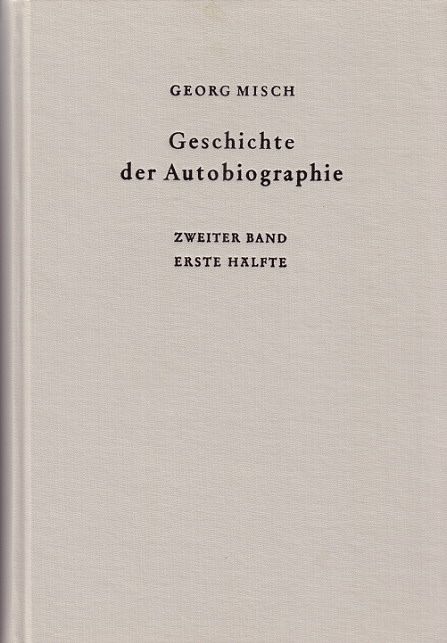 Produktbild: Geschichte der Autobiographie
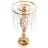 6PCS Crystal Flower Stand Wedding Road Lead Tall Flower Holders Centerpiece Crystal Metal Flower Vase for Reception Tables Wedding Supplies -97872314-97872315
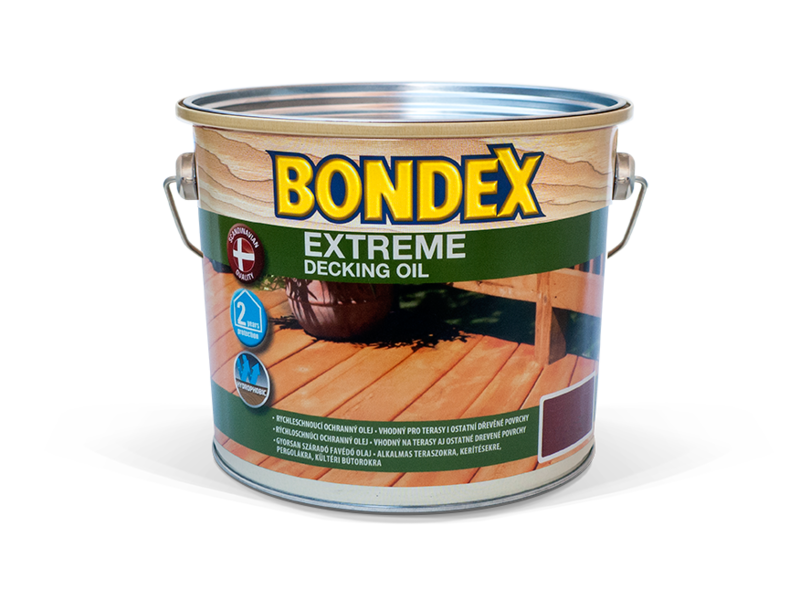 Bondex EXTREME DECKING OIL ořech 2,5l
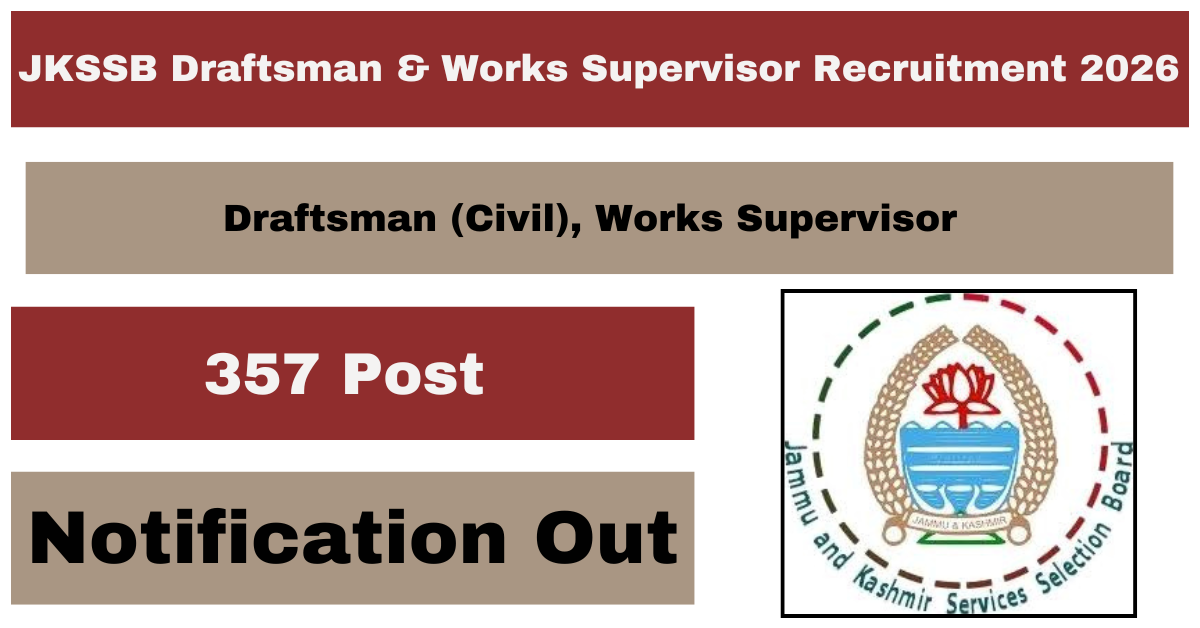 JKSSB Draftsman & Works Supervisor Recruitment 2026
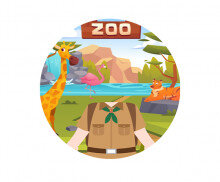 동물원 합성 라벨 (남아)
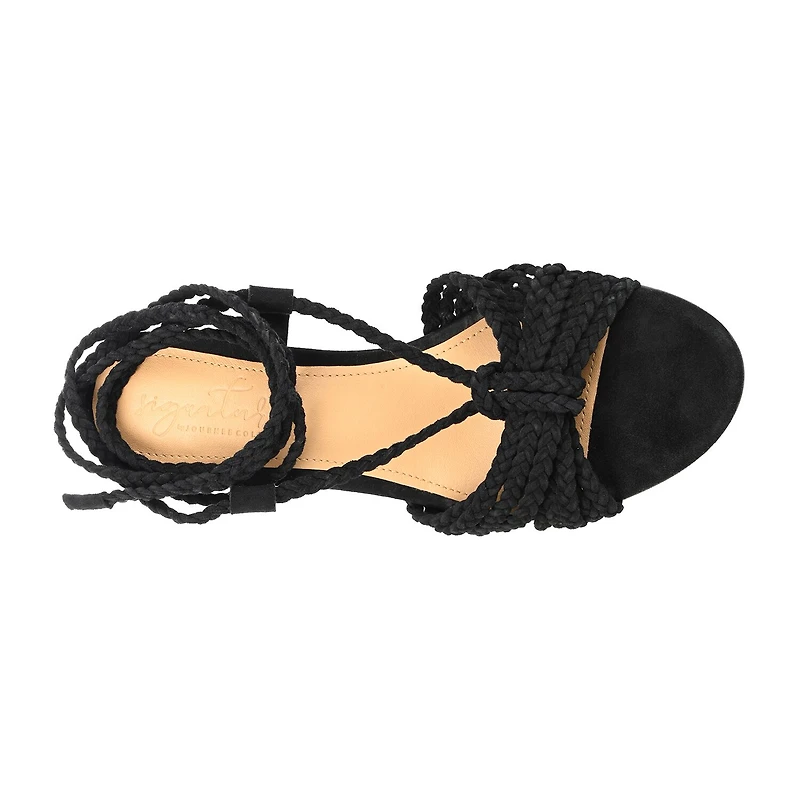 Journee Signature Railee Womens Round Open Toe Stacked Heel Pumps
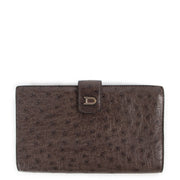 Delvaux Ostrich Palissandre Wallet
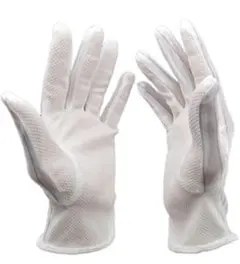 ⭐️匿名配送❣️静電気防止手袋 滑り止め付 ストライプ 電子機器用 グローブ 5点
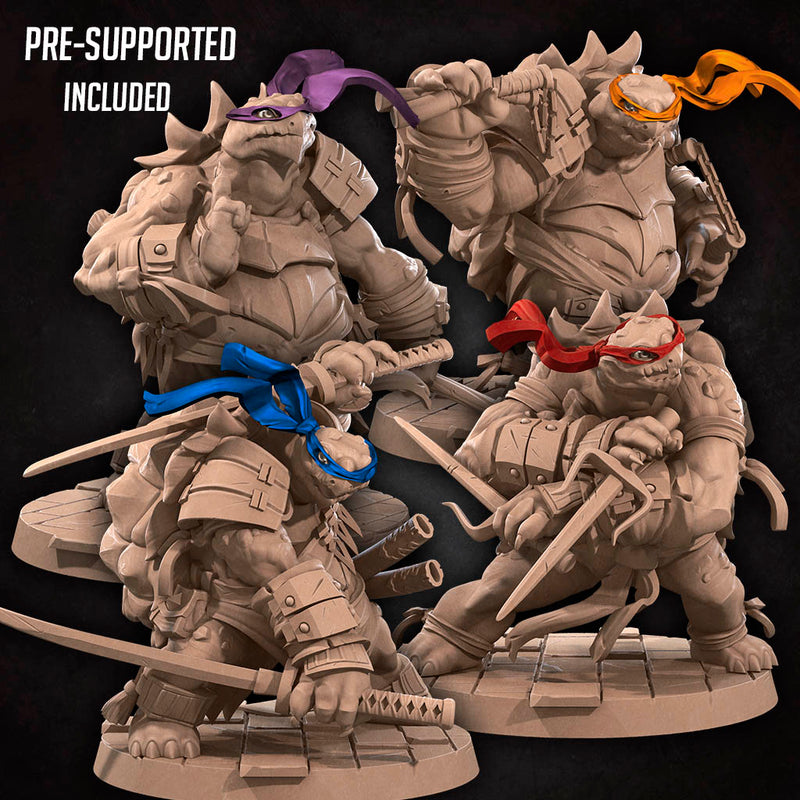 Ninja Tortle Miniatures | Tortles Vol 2 | Fantasy Miniature | Bite the Bullet TabletopXtra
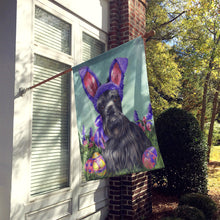 Load image into Gallery viewer, Scottie Easter Bunny Flag Canvas House Size PPP3172CHF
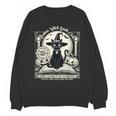 Salem Witch Book Club Vintage Halloween Cat Book Lover Unisex Sweatshirt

Instructions to follow :: Repeat each entry exactly. Pictures do not belong in the copy.

Task result ::
 Produktbild: Geschichte der Autobiographie
 6PCS Crystal Flower Stand Wedding Road Lead Tall Flower Holders Centerpiece Crystal Metal Flower Vase for Reception Tables Wedding Supplies -97872314-97872315
 Bondex EXTREME DECKING OIL ořech 2,5l
 JKSSB Draftsman & Works Supervisor Recruitment 2026
 동물원 합성 라벨 (남아)
 Journee Signature Railee Womens Round Open Toe Stacked Heel Pumps
 Delvaux Ostrich Palissandre Wallet
 ⭐️匿名配送❣️静電気防止手袋 滑り止め付 ストライプ 電子機器用 グローブ 5点
 Ninja Tortle Miniatures | Tortles Vol 2 | Fantasy Miniature | Bite the Bullet TabletopXtra
 Load image into Gallery viewer, Scottie Easter Bunny Flag Canvas House Size PPP3172CHF
 Salem Witch Book Club Vintage Halloween Cat Book Lover Unisex Sweatshirt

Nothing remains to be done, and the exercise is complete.